Wege Stefanie, De Angeli Alexis, Droillard Marie-Jo, Kroniewicz Laetitia, Merlot Sylvain, Cornu David, Gambale Franco, Martinoia Enrico, Barbier-Brygoo Hélène, Thomine Sébastien, Leonhardt Nathalie, Filleur Sophie
CNRS-UPR 2355, Institut des Sciences du Végétal, Saclay Plant Sciences Labex, Bât. 22, 1 Avenue de la Terrasse, 91198 Gif sur Yvette Cedex, France.
CNRS-UPR 2355, Institut des Sciences du Végétal, Saclay Plant Sciences Labex, Bât. 22, 1 Avenue de la Terrasse, 91198 Gif sur Yvette Cedex, France. Istituto di Biofisica, C.N.R., Via De Marini 6, 16149 Genova, Italy. Institute of Plant Biology, University of Zurich, Zollikerstrasse 107, CH-8008 Zurich, Switzerland.
Sci Signal. 2014 Jul 8;7(333):ra65. doi: 10.1126/scisignal.2005140.

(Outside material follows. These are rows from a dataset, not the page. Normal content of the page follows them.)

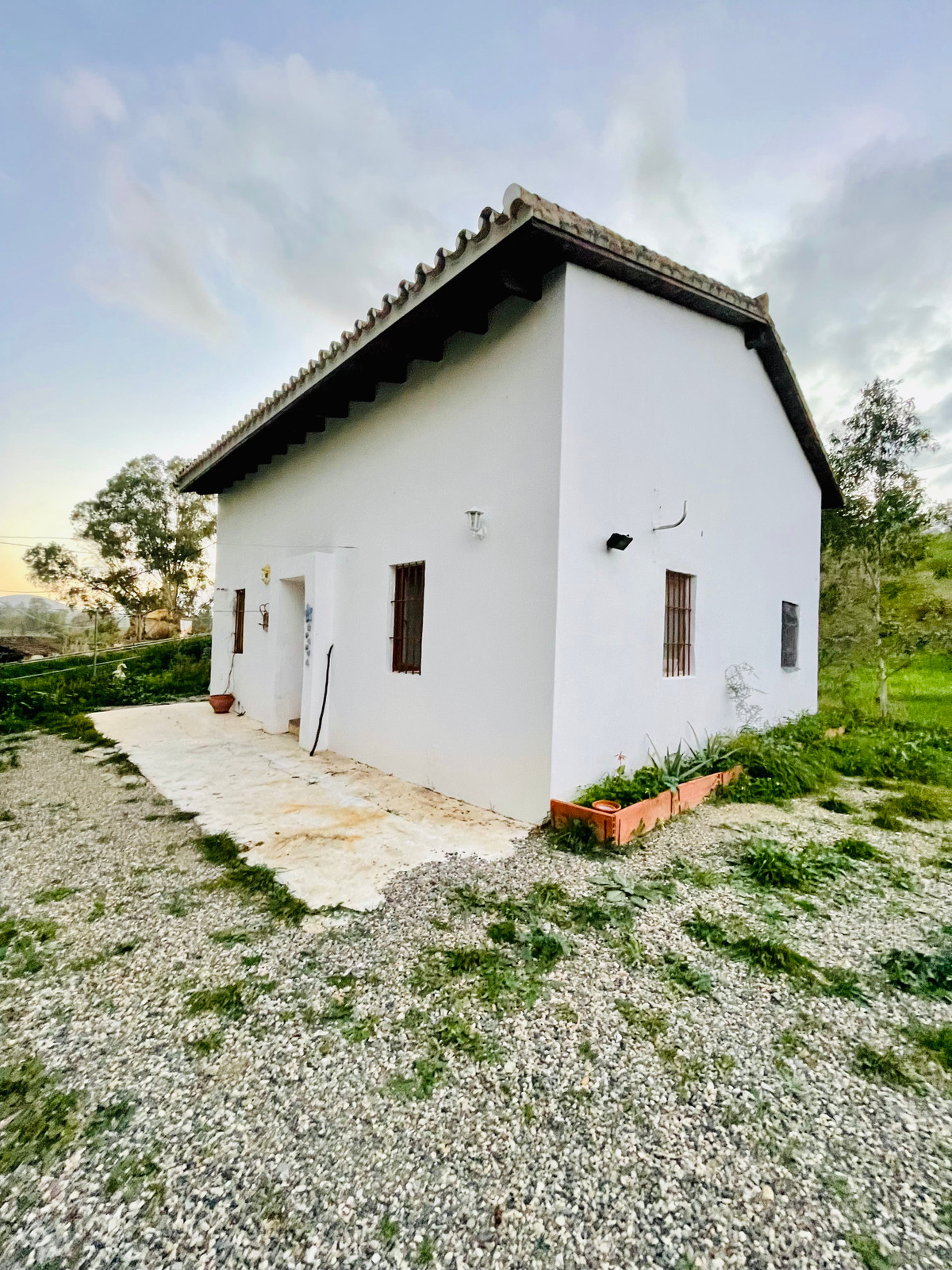 Finca - Cortijo in Cártama-2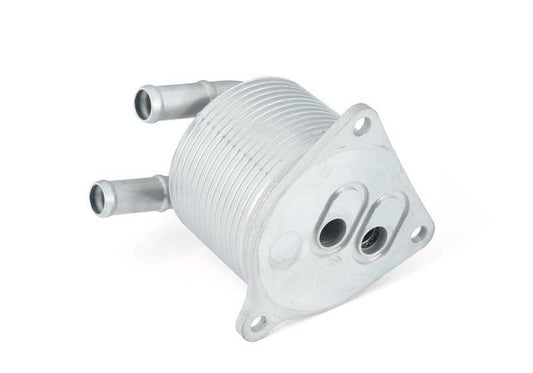 Refroidisseur d'huile pour BMW F52, F45, F46, F48, F49, F39 et Mini F54, F60 (OEM 24148642575). BMW d'origine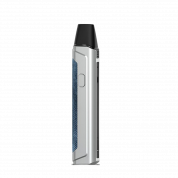 Geek Vape Aegis One 780mAh Pod Kit Blue Silver GV-123C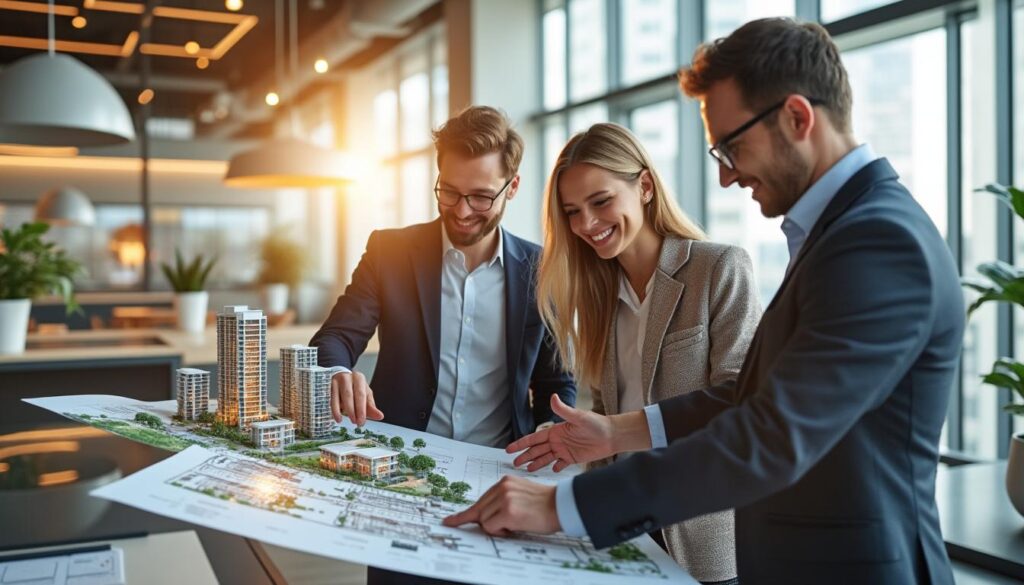 découvrez les avantages de la vente à la découpe pour les promoteurs immobiliers et les acquéreurs, une solution flexible et rentable adaptée à tous.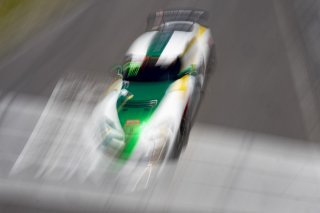 #21 Toyota Gazoo Racing GR Supra GT4 of Nicholas Shanny, Carrus Callas Raceteam, GT America Powered by AWS, GT4, SRO America, NOLA Motorsports Park, New Orleans, LA, April 2023.
 | Brian Cleary/SRO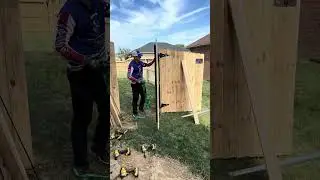 It’s clean it’s cool it works great and it will out last your wood gate that’s the Insta-Gate™.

Eukaryotic anion/proton exchangers of the CLC (chloride channel) family mediate anion fluxes across intracellular membranes. The Arabidopsis thaliana anion/proton exchanger AtCLCa is involved in vacuolar accumulation of nitrate. We investigated the role of AtCLCa in leaf guard cells, a specialized plant epidermal cell that controls gas exchange and water loss through pores called stomata. We showed that AtCLCa not only fulfilled the expected role of accumulating anions in the vacuole during stomatal opening but also mediated anion release during stomatal closure in response to the stress hormone abscisic acid (ABA). We found that this dual role resulted from a phosphorylation-dependent change in the activity of AtCLCa. The protein kinase OST1 (also known as SnRK2.6) is a key signaling player and central regulator in guard cells in response to ABA. Phosphorylation of Thr(38) in the amino-terminal cytoplasmic domain of AtCLCa by OST1 increased the outward anion fluxes across the vacuolar membrane, which are essential for stomatal closure. We provide evidence that bidirectional activities of an intracellular CLC exchanger are physiologically relevant and that phosphorylation regulates the transport mode of this exchanger.
CLC(氯离子通道)家族的真核阴离子/质子交换体介导阴离子跨细胞内膜的转运。拟南芥阴离子/质子交换体AtCLCa参与液泡中硝酸盐的积累。我们研究了AtCLCa在叶片保卫细胞中的作用,保卫细胞是一种特殊的植物表皮细胞,通过称为气孔的孔隙控制气体交换和水分流失。我们发现,AtCLCa不仅在气孔开放期间在液泡中积累阴离子发挥了预期作用,而且在气孔关闭期间响应胁迫激素脱落酸(ABA)介导阴离子释放。我们发现这种双重作用源于AtCLCa活性的磷酸化依赖性变化。蛋白激酶OST1(也称为SnRK2.6)是保卫细胞中响应ABA的关键信号分子和核心调节因子。OST1对AtCLCa氨基末端胞质结构域中Thr(38)的磷酸化增加了跨液泡膜的外向阴离子通量,这对气孔关闭至关重要。我们提供的证据表明,细胞内CLC交换体的双向活性具有生理相关性,并且磷酸化调节该交换体的转运模式。